For (1) change 19.2.2.3 to say that wildcard components are never strings. Change the description of make-pathname to say that if the corresponding components to it are strings (or suitably-constrained lists for the directory component) then the pathname is not wild, except if the default provides a component which is wild.

For (2) add an extra argument to both parse-namestring and pathname named wild with a default of true. If given as nil this will force string parsing to construct a non-wild pathname. If that is not possible, such as when pathname is handed a pathname which is already wild, then an error will be signalled.

Notes

This is the smallest change I can think of which will solve the problem. Some implementations, SBCL for instance, already solve (1) in the suggested way. None, I think, solve (2).

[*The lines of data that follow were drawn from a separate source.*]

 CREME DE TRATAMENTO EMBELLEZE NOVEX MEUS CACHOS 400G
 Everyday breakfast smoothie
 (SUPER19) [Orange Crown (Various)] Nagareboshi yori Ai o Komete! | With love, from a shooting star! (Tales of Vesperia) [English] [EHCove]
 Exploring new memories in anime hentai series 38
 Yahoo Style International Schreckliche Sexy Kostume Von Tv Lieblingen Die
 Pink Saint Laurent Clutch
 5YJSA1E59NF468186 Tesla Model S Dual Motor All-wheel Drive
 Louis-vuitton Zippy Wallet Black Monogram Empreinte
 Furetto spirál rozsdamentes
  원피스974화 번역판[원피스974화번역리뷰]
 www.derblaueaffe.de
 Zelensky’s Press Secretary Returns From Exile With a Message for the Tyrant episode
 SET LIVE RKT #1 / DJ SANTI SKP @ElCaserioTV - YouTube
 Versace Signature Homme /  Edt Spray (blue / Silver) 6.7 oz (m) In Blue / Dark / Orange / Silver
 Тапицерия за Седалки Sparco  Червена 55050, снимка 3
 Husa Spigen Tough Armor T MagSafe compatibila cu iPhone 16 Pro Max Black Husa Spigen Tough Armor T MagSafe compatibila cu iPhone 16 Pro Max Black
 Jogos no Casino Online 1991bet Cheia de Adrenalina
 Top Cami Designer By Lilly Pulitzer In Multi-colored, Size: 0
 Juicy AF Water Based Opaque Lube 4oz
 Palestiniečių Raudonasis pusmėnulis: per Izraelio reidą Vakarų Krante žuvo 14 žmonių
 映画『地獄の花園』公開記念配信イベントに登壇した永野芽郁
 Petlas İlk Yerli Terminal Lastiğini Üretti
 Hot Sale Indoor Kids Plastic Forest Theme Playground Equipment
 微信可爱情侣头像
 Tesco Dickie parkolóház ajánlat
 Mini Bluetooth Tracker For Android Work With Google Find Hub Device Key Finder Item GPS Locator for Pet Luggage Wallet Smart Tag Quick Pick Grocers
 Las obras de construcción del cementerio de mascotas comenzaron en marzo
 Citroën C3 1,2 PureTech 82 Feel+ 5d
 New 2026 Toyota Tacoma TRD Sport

For added value, it might be useful to specify that wildcard components can be given either as symbols or as lists whose first element is a symbol, and encourage implementations to return them as such if possible. So, for instance (:sequence "foo-" (:alternation "bar" "zap")) might represent a wild name which matches "foo-bar" and "foo-zap". I am not suggesting this particular notation however.


  1. Let me introduce you to the joys of Unix.